One further observation is that

1) if behavior by itself is not evil
2) some acts are justified because of an evil world
3) God never sins
4) Everything we do is laced with sin
5) Acts are caused by both God and us

Then things that are evil for us to do are not evil for God to do. This is what typically troubles us, but it follows if 1-5 are all true. We want to be able to say that we can be as good as God by exhibiting good behavior. We also want to say that God can do evil when we must live in a world that is cursed and difficult because of the sin of our father, Adam, that we have perpetuated generation after generation since then by the mere fact that we have been born separated from God. So it is our guilt that must be addressed, not God's. So even if God directly causes our difficulties, it is on account of our sin, not his.

Friday, December 7, 2012

Why Do We Educate People?

Al Mohler published a blog article recently about the inequality of families with good parents versus bad parents:

President Hollande wants to end homework in order to level the playing field for the nation’s students. As France 24 reports, Hollande told an audience at The Sorbonne, “An education program is, by definition, a societal program. Work should be done at school, rather than at home.”
He went on to explain that it was unfair for students with parents who are engaged with their schoolwork to gain an educational advantage over others, whose parents do not offer such support.

Dr. Mohler points out correctly that good parents are important for their children, even beyond the quality of education that they receive.

However, I want to take this in a different direction. Dr. Mohler, in summing up President Hollande's statements, points out that it is "unfair for students with parents who are engaged with their schoolwork to gain an educational advantage over others." (emphasis mine) The implication is that education is a matter of competition. In this view, the goal of education is to do better than others so that you can help yourself.
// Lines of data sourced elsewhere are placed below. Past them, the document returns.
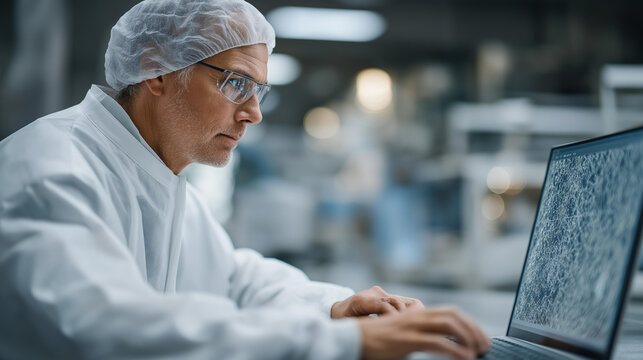 Male researcher in sterile suit reviewing molecular diagrams on digital screen, innovative laboratory combining pharma production and semiconductor development. cinematic color correction, natural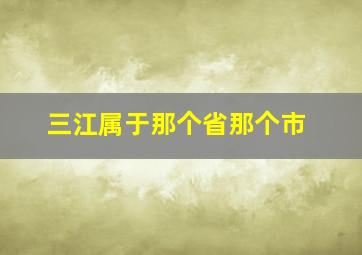 三江属于那个省那个市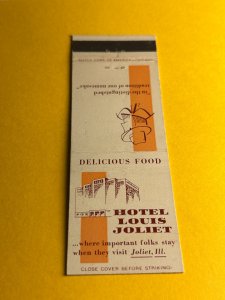 Vintage Matchbook Cover Hotel Louis Joliet - Joliet, Illinois MB182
My understanding of education has always been that the goal is for each student to do better at the end of any course of study than what they did at the beginning. In other words, the goal of education is a personal struggle against ignorance.

But that's not and end in itself. There's a larger goal. While we improve ourselves the goal is to contribute positively to society thereby helping others, not defeating them.

An observation I've often made is that it seems more acceptable to tout some talents than others. For example, it seems relatively acceptable for a good leader to say, "I'm good at leadership." But one talent it seems particularly unacceptable to tout is intelligence. If someone says, "I'm exceptionally intelligent," he or she is quickly labeled arrogant. The fact is that some people have a natural predisposition to great intelligence. For some reason people don't think that's fair. And this doesn't figure into President Hollande's idea for a "level playing field."

But this betrays the fact that it is fairly common to think of education, not as a benefit to society, but a benefit to individuals over others. The reason is because many people use greater academic achievement not primarily for the betterment of society, but for their own advancement in society. What most in secular society will ignore is that this is precisely evidence that people are basically evil.

So what are Christians to do?

First, we must recognize the God-given responsibility we have to train up our own children.

Second, we must vie to help them get the best education possible with the goal not of improving their own status, but for contributing positively to society, particularly in the fulfillment of the Great Commission.

So we have to stop looking at education as the means for achieving the best life for ourselves on this earth ans start looking at it as a means for drawing us closer to God by using our talents to help other people.